Not only was it UK’s 11th loss, but the Cats scored a season-low 48 points — a low UK never reached during Billy Gillipsie’s two years and had not reached in seven seasons. Not only that, but it was the fourth straight loss by double digits away from Rupp Arena since center Nerlens Noel went down with a season-ending knee injury.
“No, not at all did I think this could ever happen this year. We thought we had a lot of talent coming in. It’s not like we have not been working hard, either,” Polson said. “We had a great week of practice before this. We definitely didn’t expect this loss. But we can’t do anything about it now but hope for the best.
“I think we have talent. I am probably biased. I think we have the talent to beat any team in the country on a given night. I don’t think talent is necessarily the problem. We just can’t, I guess, stay focused for 40 minutes. There were spurts where we got on runs and then we collapsed on defense and they made a 3 or something like that. When that happens and they get beer muscles, you can’t really stop it.”
Beer muscles are what Kentucky coach John Calipari defined earlier this season as letting an opponent have its way to where it plays better than it can because it gets to believing it can do that.
Kentucky lost its top six players off last year’s championship team, but had the No. 1 recruiting class again and was ranked third in the AP preseason poll, a spot Calipari said immediately was way too high. Still, even then Calipari likely would not have thought this team would lose seven games by double digits and be dominated by mediocre teams the way it was to put UK in the NIT, not the NCAA.
“I definitely think it is frustrating for him (Calipari). You have seen his resume. His teams are always in the (NCAA) tournament and playing their best at this time of year. I guess we are not the best we could be right now. We can’t look back, just forward,” Polson said.
“I don’t really know why we have been so inconsistent. You can blame it on being young or not enough experience or something. We just can’t seem to find what it takes to stay on a run. We beat Florida and then lose again (to Vanderbilt). We have had a lot of those cases and then go right to the next game and take a bad loss. I don’t really know the answer, but we better find it out soon.”
Does the team lack mental toughness, physical toughness or both?

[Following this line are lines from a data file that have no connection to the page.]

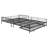 Alexionna Kids Full Over Queen Bunk Bed with Trundle-1123436459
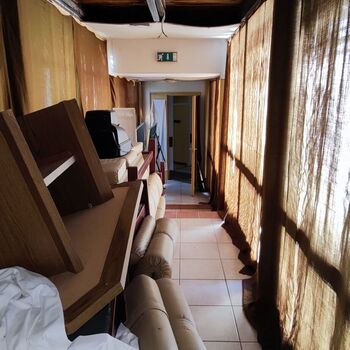 Accommodation complex at the campsite_2023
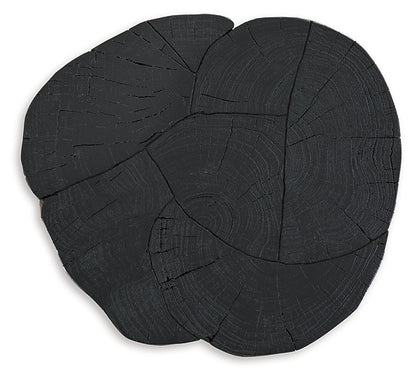 Mesa auxiliar redonda Wimbell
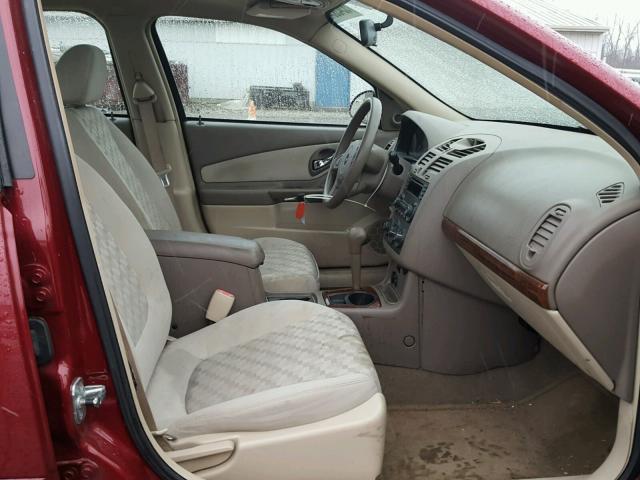 1G1ZT54884F231168 - 2004 CHEVROLET MALIBU LS 栗色 照片 5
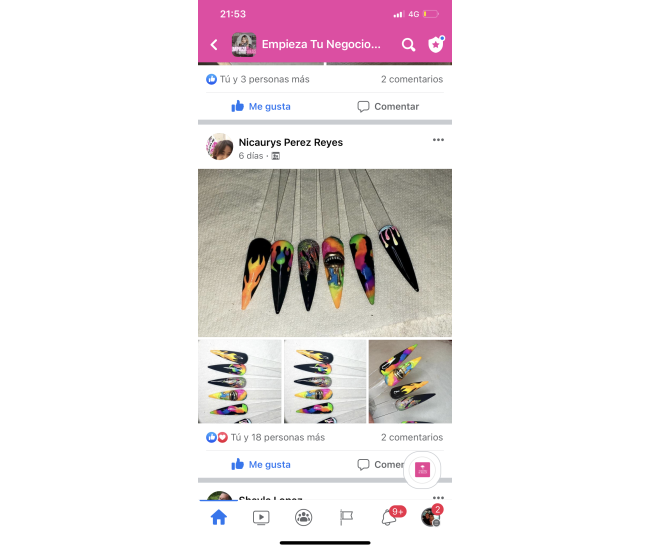 Empieza tu Negocio de Uñas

“They (Vanderbilt) out-toughed us physically. They were driving to the basket at will on us and we couldn’t drive on them and when we did we missed layups and open shots,” Polson said. “I think they physically out-toughed us like a lot of teams have. They are mentally tough, too. When they are on a run like that, it is hard to stop them. And when we played bad like that, we had no chance. We don’t seem to be tough enough to snap out of it.”

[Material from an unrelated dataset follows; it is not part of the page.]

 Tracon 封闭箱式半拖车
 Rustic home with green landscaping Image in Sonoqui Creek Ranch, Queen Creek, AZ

Polson said having more experienced players like the previous two UK teams had “would probably help” at times.
“Last year had some veterans that played. Kyle (Wiltjer) is really the only one on our team that played at all last year and he didn’t play that many minutes. That might be the case, but you can’t blame it on that now. We played a whole season by now, so we have experience. I don’t know … we just didn’t come out and play to the best of our ability and Vanderbilt did. They just beat us fair and square,” Polson said.

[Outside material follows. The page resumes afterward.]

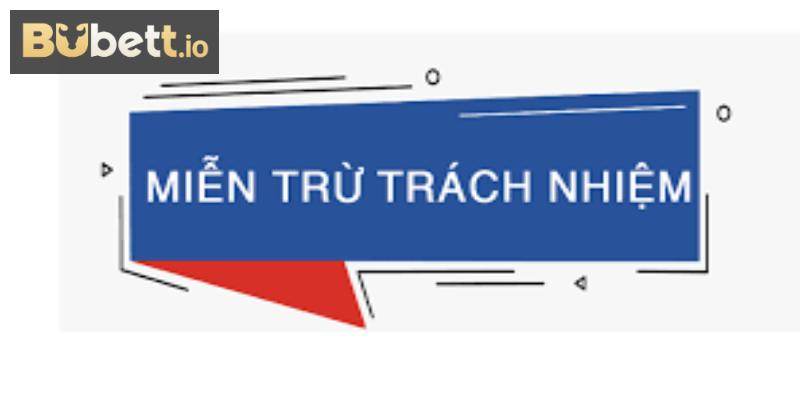 Trách nhiệm của người dùng khi sử dụng Bubet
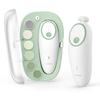 Momcozy Baby Nail File, Electric Baby Nail Clipper Set with LED Light, 7 Interchangeable Heads, Perfect for Newborns and Children, Perfect for Pregnan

He said rumors about chemistry problems on the team are not true.
“It is a bunch of good guys really. It is not like there are chemistry problems,” Polson said. “We all like each other off the court. It is not really that. I don’t really know what it is. Vandy did a great job. They hit shots tonight and we can’t take that away. They played one of their best games, and we certainly did not. We could have played a lot better than we did. We have to figure it out why we didn’t play our best. And not just this game, but other games.
Polson admitted maybe players kept believing the season would work out because Calipari’s past teams always seemed to figure things out by tournament time.
“We expected that everything we come together. We thought maybe we had turned the corner at Florida when we got that win,” Polson said. “But it has happened a lot in the season where we win one and get a bad loss the next one. I don’t really know what the problem is or I would have helped fixed it. Obviously, none of us know and that’s a problem, too.”